Poet Embraces Late-in-Life Love, Tender Sorrows

 

Award-winning American poet Jane Hirshfield has just published a new collection of poems. "Come, Thief" features themes of love, compassion, contemplation and the poignancy of a human life fully lived.

Hirshfield sits in an anteroom at Poets House in New York about an hour before she appears before a large crowd to read from her seventh collection of poem.

“The title is a signal of welcoming what is inevitable into our lives,” says Hirshfied, who adds that the “‘thief” could have many meanings. “But what it primarily means in this book is time; time which brings us everything that we will ever experience and takes from us from us everything that we will ever experience, and one of the main threads of this book is simply saying ‘yes’ to that process. Yes to whatever comes, the difficult, the ecstatic, and yes to whatever goes – everything we will ever love and finally ourselves.”

The line, “Come, thief, the path to the doorway agrees,” appears in the title poem. Hirshfield explains its meaning.

“All paths welcome whatever wants to walk on them. The person delivering the mail comes down the path, the thief comes down the path. Your beloved comes down the path. Your enemy comes down the path, and the path never chooses. The path says yes to it all.”
 

In "Come, Thief," Jane Hirshfield reflects on the landmarks of a life, including the fact that she found true love at age 49.

Hirshfield says that she would like heself to be such a path “that allows every human experience entrance and says ‘welcome.’”

Hirshfield is nearing 60 and this poetry collection is largely about the landmarks of a life, including the fact that she found true love at age 49.

In the poem, “Two Rains,” she contrasts the wild and chaotic rain in California, where she lives, with the dull, predictable kind alluded to in the line “Windless blunt and cold, that orderly rain, like a fate uninterrupted by late love."

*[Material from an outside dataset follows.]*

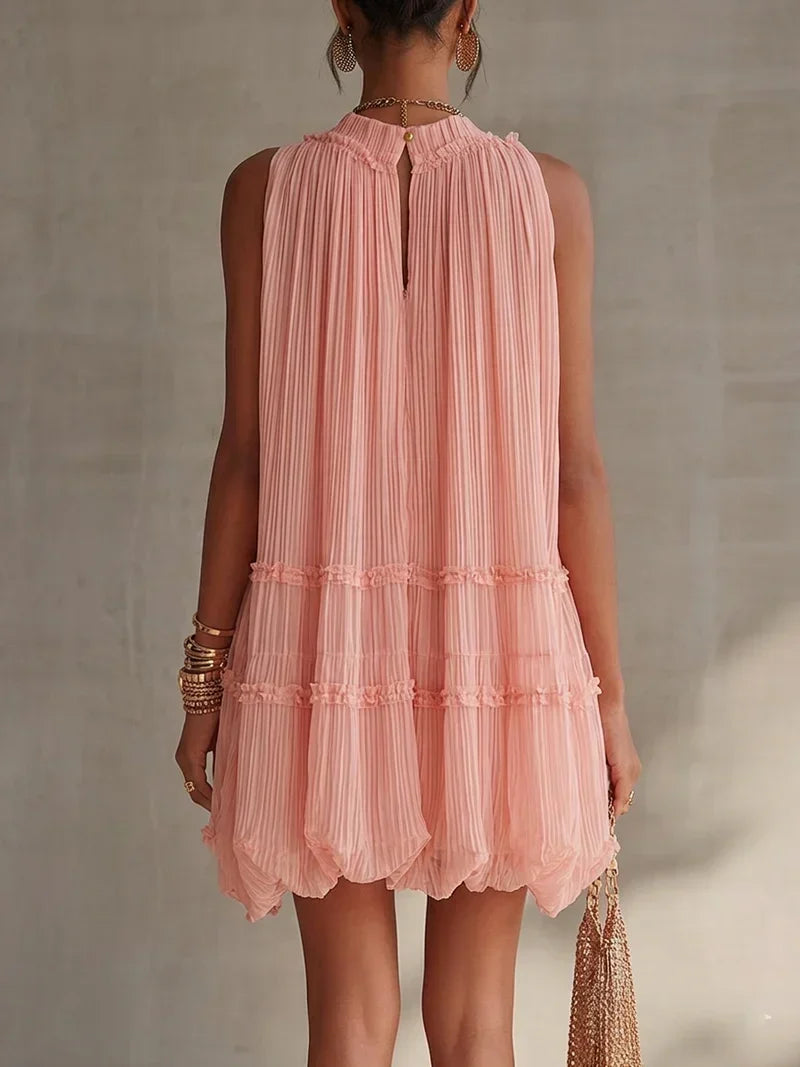 Robe courte Magdalena en mousseline rose à rayures et col dos nu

She explains her meaning. "We human beings. We’re very strange creatures. We think we want order. We think we want safety. We think we want security. But we really want – or what I really want - is to be absolutely overwhelmed, disordered, thrown into chaos and disarray by something absolutely fantastic which is larger than I am. And almost nothing rivals love for that."

Even so, Hirshfield wants her poems to express all aspects of a life. "Because part of the work of poetry is to make you permeable to the experience not only inside your own skin but the experience all around you.”

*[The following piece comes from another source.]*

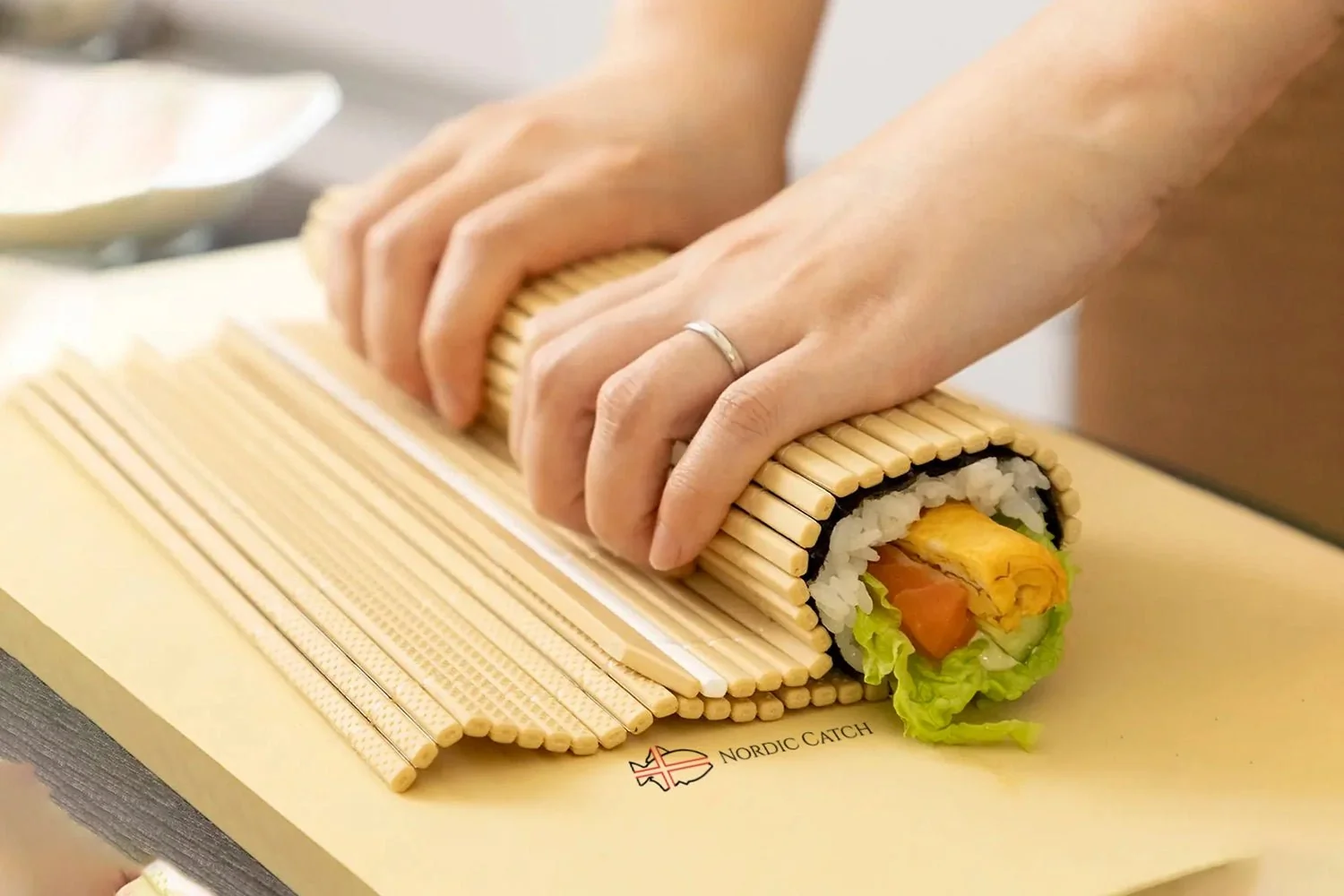 Main roulant un maki sushi avec une natte en bambou recouverte de film plastique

Hirshfield says universal human truths always play themselves out in the context of unique human lives. We are all in this together, but our stories belong to each of us alone.

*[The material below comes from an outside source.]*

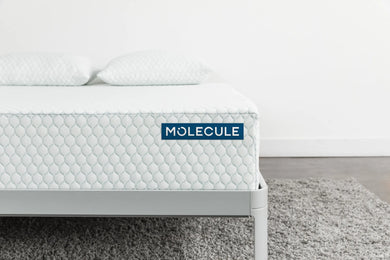 Close-up side view of the Molecule mattress highlighting the detailed hexagonal textured pattern and prominent blue Molecule branding label. The mattress sits on a sleek gray metal frame and is topped with two matching white pillows, situated in a modern, minimalist bedroom setting.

“Every perfume comes from individual flowers. It might be ten thousand roses in one little vial of oil of roses, but each one was individual, had its life, had its roots had its bee. And there is no escaping it. We don’t live in a general world. We live in particular one.”

This seems to be part of the message in this excerpt from Hirshfield’s poem “French Horn.”

For a few days only,
the plum tree outside the window
shoulders perfection.
No matter the plums will be small,
eaten only by squirrels and jays.
I feast on one thing, they on another,
the shoaling bees on a third.
What in this unpleated world isn’t someone’s seduction?


For Hirshfield, life is not our ideas about life, or even our poems about it. Indeed, in her poem, “The Tongue Says Loneliness," she suggests life is not a gate, but rather a horse plunging through it.

All this can be found in “Come, Thief,” her seventh collection of poems, published by Knopf.